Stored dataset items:
=== Section Start ===

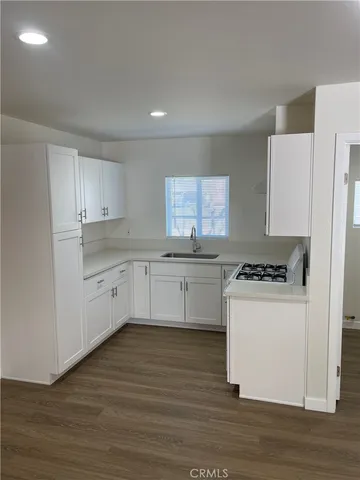 a kitchen with white cabinets and white appliances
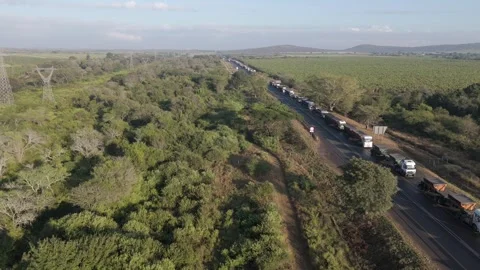 A drone captures a scene of a large number of cargo trucks stuck in a long Stock Footage 278449011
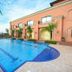 Mestil Hotel & Residences in Kampala with a palm-lined outdoor swimming pool beside a peach-colored building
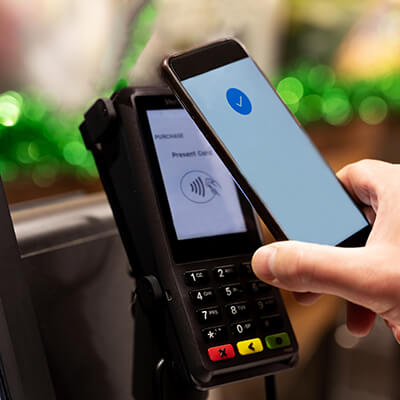 Close up of contactless payment with smart phone at the point of sale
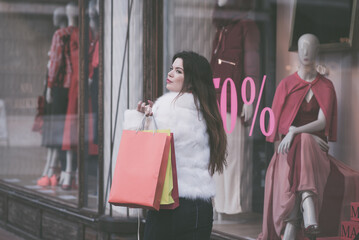 Elegantly dressed woman with shopping bags in front of shop window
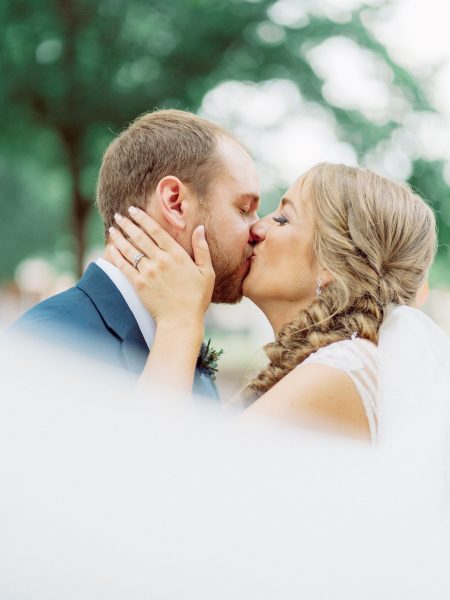 groom and bride with veil kiss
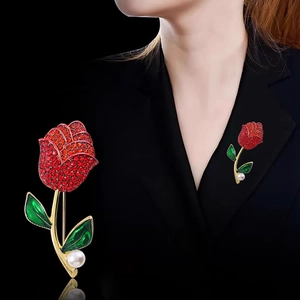 Spilla a rosa di lusso con strass rossi, foglie smaltate verdi e dettaglio di perla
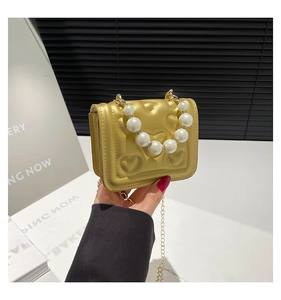 Close-up of gold heart-quilted mini bag with large pearl handle and metal chain strap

=== Section End ===

[Work to be completed] All pictures must be left out. Reproduce exactly the lines from the one containing "Spilla a rosa" to the final line of the entries.

[Result of the exercise]
 Spilla a rosa di lusso con strass rossi, foglie smaltate verdi e dettaglio di perla
 Close-up of gold heart-quilted mini bag with large pearl handle and metal chain strap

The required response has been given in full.